Vietnam Berambisi Jadi Raja Pisang ASEAN, RI Sibuk Dimakan Sendiri
Jakarta, CNBC Indonesia- Pisang kerap dipandang sebagai komoditas "biasa", namun dinamika global justru menunjukkan sebaliknya.
Melansir dari Vineexpress, Vietnam mulai terbuka menyebut ambisi pisang sebagai komoditas ekspor bernilai US$1 miliar atau sekitar Rp 16,71 triliun (US$1=16.790) ditopang restrukturisasi produksi, penguatan rantai nilai, dan pembukaan pasar.
Di sisi lain, Indonesia, produsen pisang besar dunia, masih berkutat pada pasar domestik, dengan ekspor yang relatif kecil dibanding kapasitas produksinya.
Vietnam saat ini memproduksi sekitar 2,7-2,8 juta ton pisang per tahun, dengan nilai ekspor 2024 sekitar US$372-378 juta.
Angka yang memang belum besar, namun arah kebijakan mereka jelas terlihat, pisang diposisikan sebagai komoditas strategis, lengkap dengan pengembangan varietas tahan penyakit, penguatan standar ekspor, dan integrasi pasar regional Asia.
Bandingkan dengan Indonesia. Menurut Badan Pusat Statistik (BPS) produksi pisang nasional terus meningkat secara konsisten dalam lima tahun terakhir. Dari 7,28 juta ton pada 2019, produksi melonjak menjadi 9,33 juta ton pada 2023. Secara volume, Indonesia berada jauh di atas Vietnam dan termasuk salah satu produsen pisang terbesar di dunia.
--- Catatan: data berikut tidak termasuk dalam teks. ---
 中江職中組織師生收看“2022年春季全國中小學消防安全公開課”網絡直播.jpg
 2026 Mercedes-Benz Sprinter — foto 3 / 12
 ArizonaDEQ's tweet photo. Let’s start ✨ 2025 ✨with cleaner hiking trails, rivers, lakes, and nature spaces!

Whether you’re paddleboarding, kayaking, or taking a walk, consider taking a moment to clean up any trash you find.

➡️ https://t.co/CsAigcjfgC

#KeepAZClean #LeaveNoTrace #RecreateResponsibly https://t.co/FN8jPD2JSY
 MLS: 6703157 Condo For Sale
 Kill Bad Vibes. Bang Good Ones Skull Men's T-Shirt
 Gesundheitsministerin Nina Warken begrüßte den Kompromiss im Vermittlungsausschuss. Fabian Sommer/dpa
Namun, produksi besar tidak otomatis berbanding lurus dengan kinerja ekspor. Melansir data dari satudata Kemendag, sepanjang Januari-Oktober 2025, nilai ekspor pisang Indonesia hanya mencapai US$11,77 juta, meskipun tumbuh 35,68% secara tahunan. Angka ini menunjukkan perbaikan, tetapi tetap sangat kecil jika dibandingkan dengan total produksi nasional yang menembus jutaan ton.
Struktur ekspor pisang Indonesia juga masih sangat terbatas. Malaysia menjadi tujuan utama dengan nilai sekitar US$4,58 juta, disusul Jepang (US$2,07 juta) dan China (US$1,83 juta). Pasar Timur Tengah seperti Uni Emirat Arab, Oman, Kuwait, dan Qatar mulai muncul, namun volumenya masih sporadis dan belum membentuk basis permintaan yang stabil.
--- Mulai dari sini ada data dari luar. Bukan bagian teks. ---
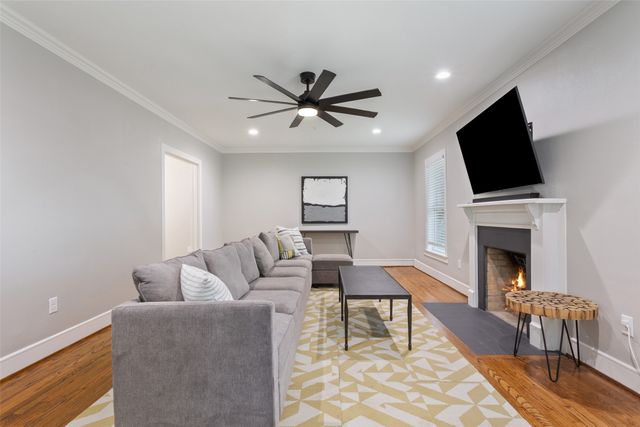 1500 S 10th Street, Waco, TX 76706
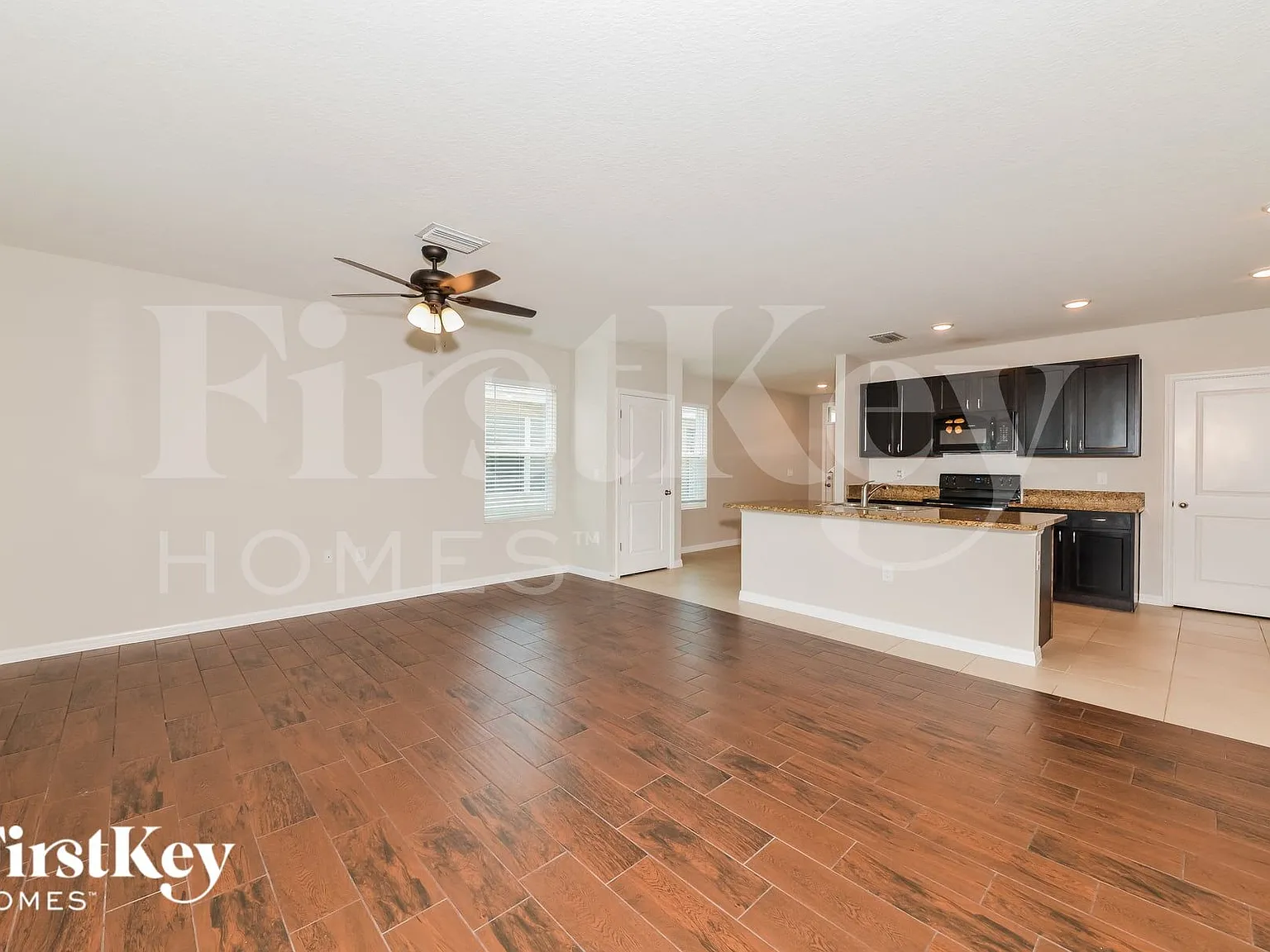 4 bed, 2.5 bath, 2260 sqft, $3,885 — Photo 3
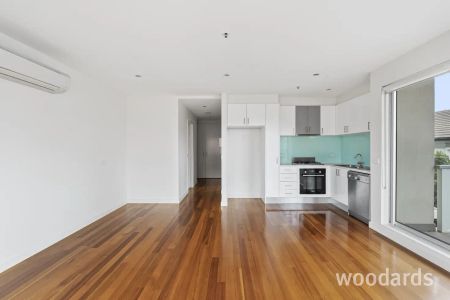 “Stylish apartment in the heart of Thornbury” - Photo 4
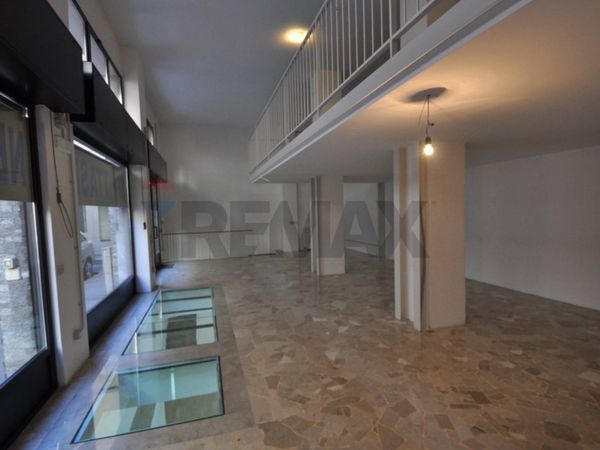 Negozio Carrobio, Milano, MI Affitto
Kondisi ini mengindikasikan bahwa pisang Indonesia masih berfungsi sebagai komoditas konsumsi domestik, bukan produk ekspor bernilai tinggi.
Sebagian besar produksi diserap pasar lokal dalam bentuk segar, dengan rantai pasok yang panjang dan minim standardisasi mutu, sehingga sulit menembus pasar premium global.
Vietnam justru bergerak sebaliknya. Meski produksi lebih kecil, negara tersebut fokus pada pisang ekspor berbasis varietas unggul, terutama untuk pasar China, Jepang, dan Korea Selatan.
Mereka secara terbuka mengakui tantangan penyakit Panama, namun menjadikannya pemicu inovasi-mulai dari pengembangan varietas tahan Fusarium hingga penguatan karantina dan traceability.
Indonesia sejatinya menghadapi tantangan serupa. Penyakit tanaman, inkonsistensi kualitas, serta lemahnya akses petani ke informasi pasar masih menjadi hambatan utama.
Selain itu, ekspor pisang Indonesia kerap terkendala standar residu pestisida, kemasan, dan kontinuitas pasokan-isu klasik yang belum terselesaikan secara struktural.
Padahal, jika dilihat dari sisi potensi ekonomi, ruang pertumbuhan Indonesia sangat besar. Dengan produksi di atas 9 juta ton per tahun, peningkatan ekspor hanya 1% dari total output saja sudah cukup untuk melipatgandakan nilai ekspor saat ini.
Artinya, masalah utama bukan pada kapasitas produksi, melainkan pada orientasi kebijakan dan desain rantai nilai.
Di titik inilah perbandingan dengan Vietnam menjadi relevan. Vietnam sudah mulai menempatkan pisang sebagai komoditas prioritas, sementara Indonesia masih memperlakukannya sebagai komoditas rakyat tanpa strategi ekspor jangka panjang
Tren 2025 sebenarnya memberi sinyal awal yang positif. Lonjakan ekspor ke China, Korea Selatan, dan Jepang menunjukkan bahwa pasar terbuka, asalkan kualitas dan kontinuitas terjaga.